Synopses & Reviews
This interdisciplinary study of legal and literary narratives argues that the novel's particular power to represent the interior life of its characters both challenges the law's definitions of criminal responsibility and reaffirms them. By means of connecting major novelists with prominent jurists and legal historians of the era, it offers profound new ways of thinking about the Victorian period.
Review
"[A] consistently intelligent study.... The value of this thoughtful book lies not just in adding to our understanding of the relationships between law and literature, but to debates about the developing Victorian notions of the inner self and of personal identity."--Studies in English Literature 1500-1900
"The Crime in Mind is at once learned and elegant.

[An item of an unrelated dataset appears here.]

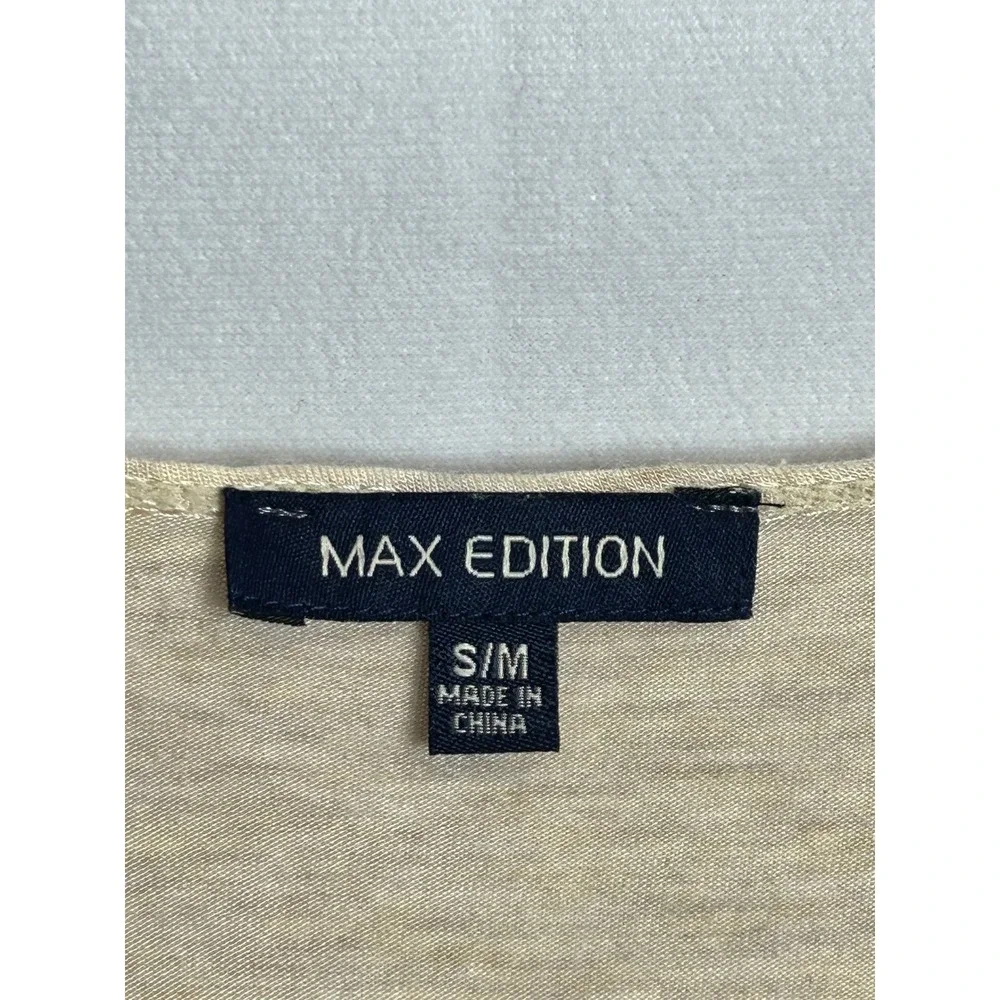 Max Edition Womens Striped Dolman Sleeve Poncho Top Oatmeal Orange S/M 5701F39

Rodensky's writing is as clear as writing about the law needs to be--and that of course is very clear. Her reading of James Fitzjames Stephen will be eye-opening for readers new to his work and will deservedly renew scholarly interest in one of the most remarkable members of a most remarkable family. This is a book that belongs on the shelf of any scholar of the Victorian novel as well as of Victorianists interested in cultural criticism, intellectual history, and the relations between literature and the law."--Robert Newsom, University of California, Irvine
"People are responsible for their actions and not for their thoughts alone, the law assumes. But the connection between the internal and external elements that must be made to prove a crime--between intent and act--often fades away under scrutiny, which can make it no simple matter to pin down responsibility for all kinds of wrongs. Delving into classics like Charles Dickens's Oliver Twist and George Eliot's Middlemarch, Lisa Rodensky explains how the influence of this arresting idea grew as a result of a remarkable interrelationship between law and literature. She has done an exceptional piece of scholarly work, and written a revelatory book."--Lincoln Caplan, Editor, Legal Affairs
"The Crime in Mind creates an intricate and compelling dialogue between nineteenth-century legal philosophers and Victorian novelists. Trained in both law and literature, Lisa Rodensky brings a marvelous gift for articulating distinctions to bear on the relations between thoughts and acts, acts and intentions, intentions and consequences. In the process, she offers some of the best commentary available on the activities of third-person narrators as they move in and out of their characters's minds."--Rosemarie Bodenheimer, Boston College
About the Author
Lisa Rodensky is Assistant Professor of English at Wellesley College.